■ Provided entries ■
════════
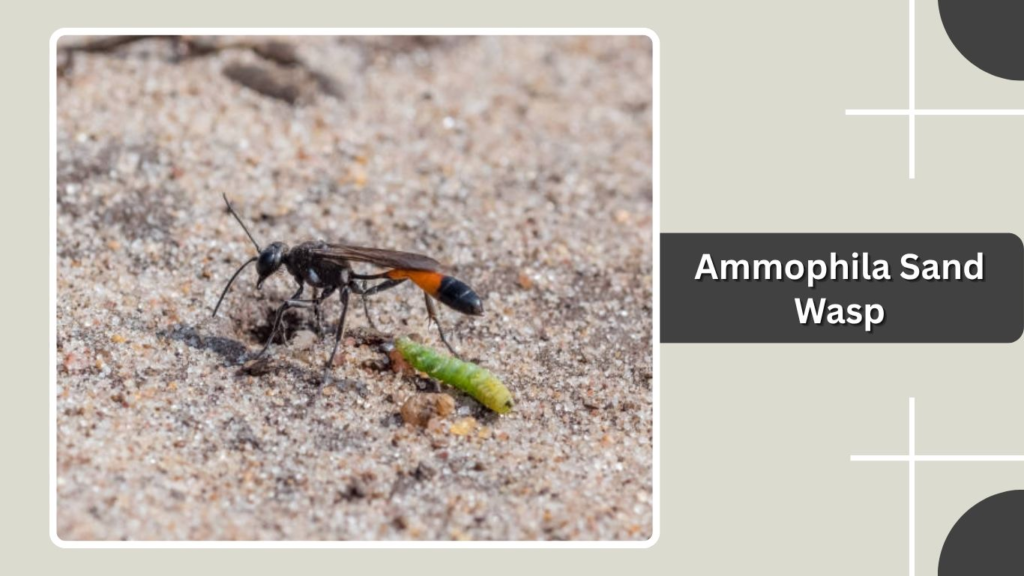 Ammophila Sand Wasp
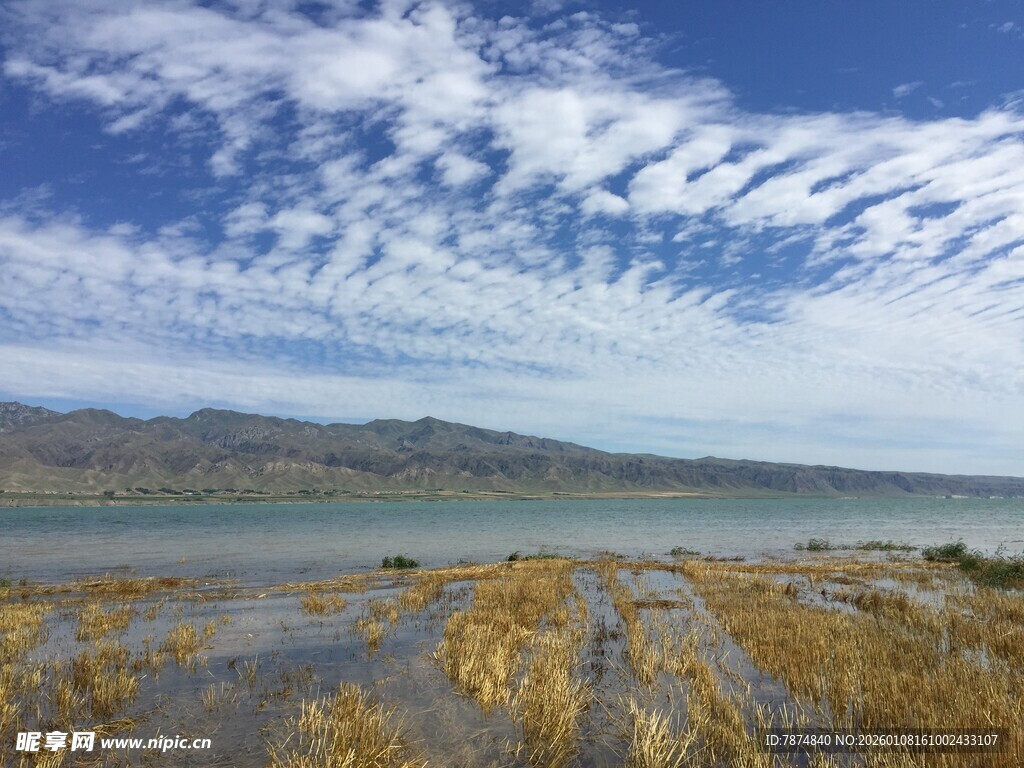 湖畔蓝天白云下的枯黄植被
════════
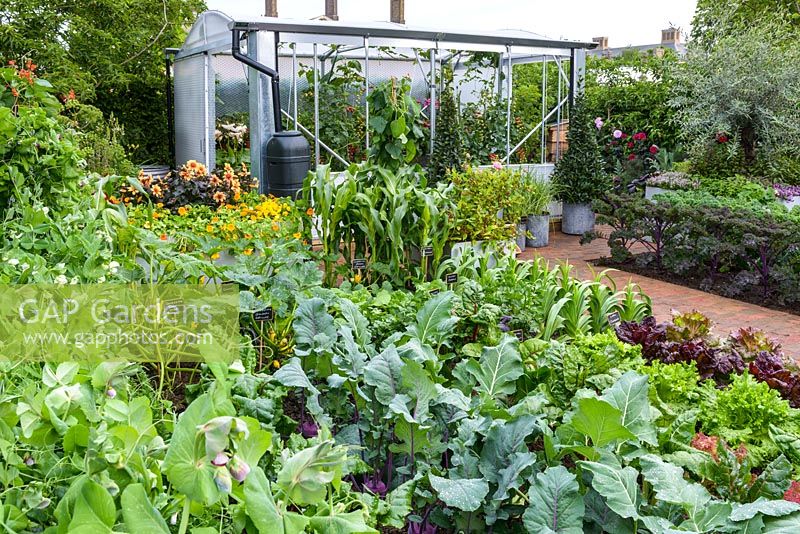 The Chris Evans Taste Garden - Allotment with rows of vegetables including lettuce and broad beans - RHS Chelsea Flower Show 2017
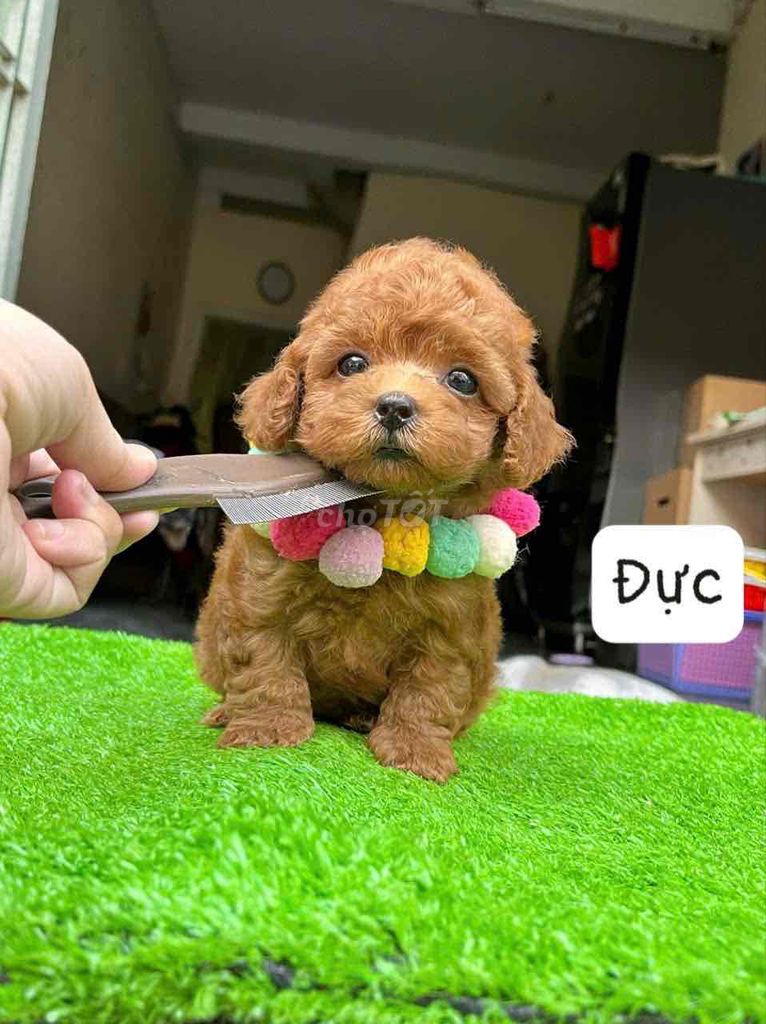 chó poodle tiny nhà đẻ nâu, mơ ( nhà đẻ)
════════
■ Try it ■
In the listing above, find the line holding "The Chris Evans" and the line holding "chó poodle tiny nhà đẻ nâu, mơ ( nhà đẻ)". Reproduce those two lines and all between them exactly, leaving out pictures.

■ Answer area ■
 The Chris Evans Taste Garden - Allotment with rows of vegetables including lettuce and broad beans - RHS Chelsea Flower Show 2017
 chó poodle tiny nhà đẻ nâu, mơ ( nhà đẻ)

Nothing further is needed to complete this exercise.